BRIEF DESCRIPTION OF DRAWINGS

[0023] FIG. 1 is a schematic diagram illustrating a fan-out type packaging structure in which one chip is embedded in one groove according to an embodiment of the present invention.

[0024] FIG. 2 is a schematic diagram illustrating a fan-out type packaging structure in which two chips are embedded in one groove according to another embodiment of the present invention.

[0025] FIG. 3 is a schematic diagram illustrating a fan-out type packaging structure in which two different chips are embedded in two grooves respectively according to still another embodiment of the present invention.

DETAILED DESCRIPTION

[0026] In the following detailed description, embodiments will be described with reference to the accompanying drawings.
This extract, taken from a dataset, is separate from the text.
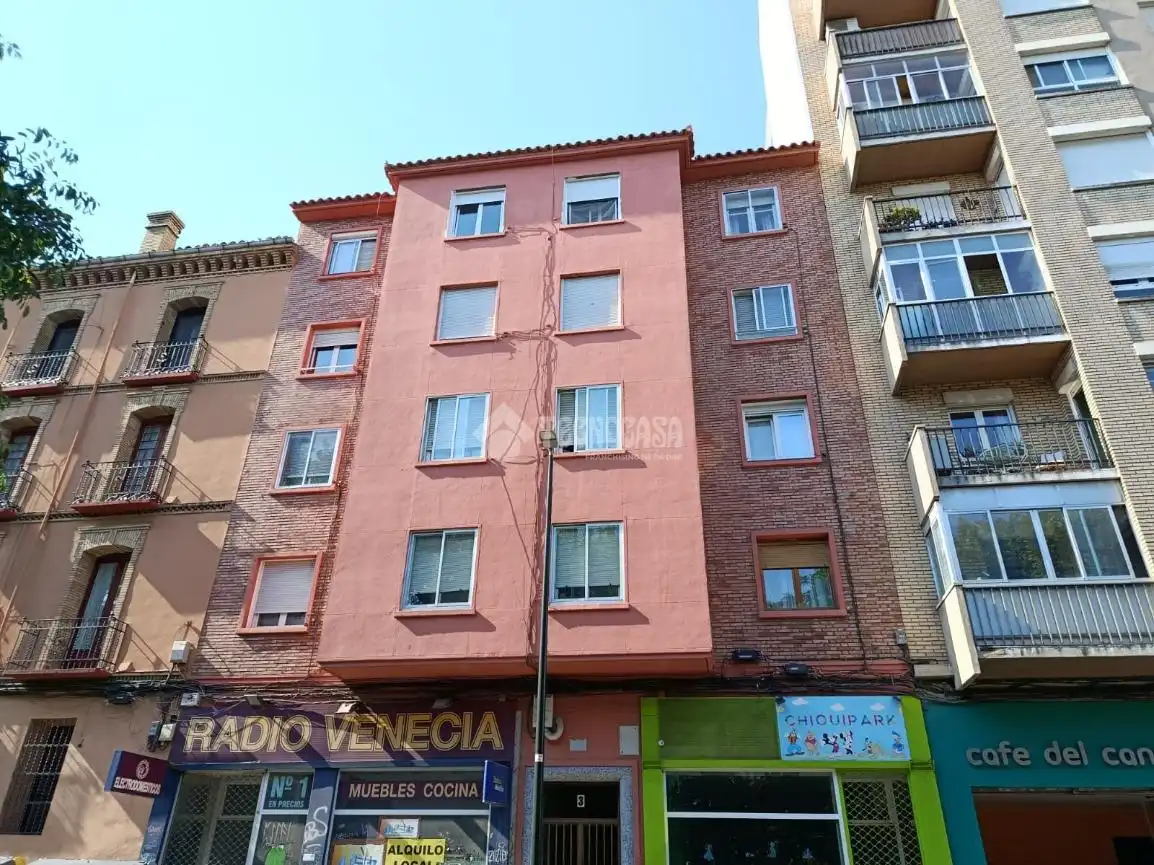 Vista exterior de Piso en venta en Zaragoza con Calefacción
However, the present invention may be embodied in various different forms, and should not be construed as being limited only to the illustrated embodiments. Rather, these embodiments are provided as examples, simply by way of illustrating the concept of the present invention to those skilled in the art. Accordingly, processes, elements, and techniques that should be apparent to those of ordinary skill in the art are not described herein.

[0027] At present, the standard eWLB process flow is as follows: firstly, a film is attached to a slide, and then a chip is placed on the film with the pad surface of the chip facing down; the chip is embedded into a molding compound using a wafer level injection molding process; the molding compound is cured, and the slide is removed. Then a wafer level process is carried out on the molding compound wafer embedded with the chip. Passivation, metal rewiring, under bump metal layers preparation and balls plantation are carried out on the side of the chip where the pads are exposed, and finally the package is finished by slicing.

[0028] For example, Patent Publications US20080308917 and US20150003000 use polymers or other plastic sealing materials to coat a number of chips, so the chips are embedded in them, and then a wafer level process is carried out. The method has the following main problems. Firstly, there is a problem of warping of the polymer adhesive wafer. Although using a silicon or glass slide may reduce warpage, it will result in a complex process of temporary bonding and debonding. If a new type of low warpage molding compound is researched and developed, the material cost is high. Secondly, for a 10.times.10 mm to 12.times.12 mm fan-out encapsulation, the reliability of board level has great challenges, especially for the tests related to temperature cycling. For eWLB products, an underfill adhesive is needed to improve the reliability after board level connection. Thirdly, the use of the polymer adhesive wafer has a great influence on yield. Chip offset is a major technological obstacle in the process of injection molding and molding compound curing. Another key point is the choice of rewiring dielectric materials. Since a reconfigured wafer needs to adapt to the rewiring process, and the standard wafer level media can't be directly applied.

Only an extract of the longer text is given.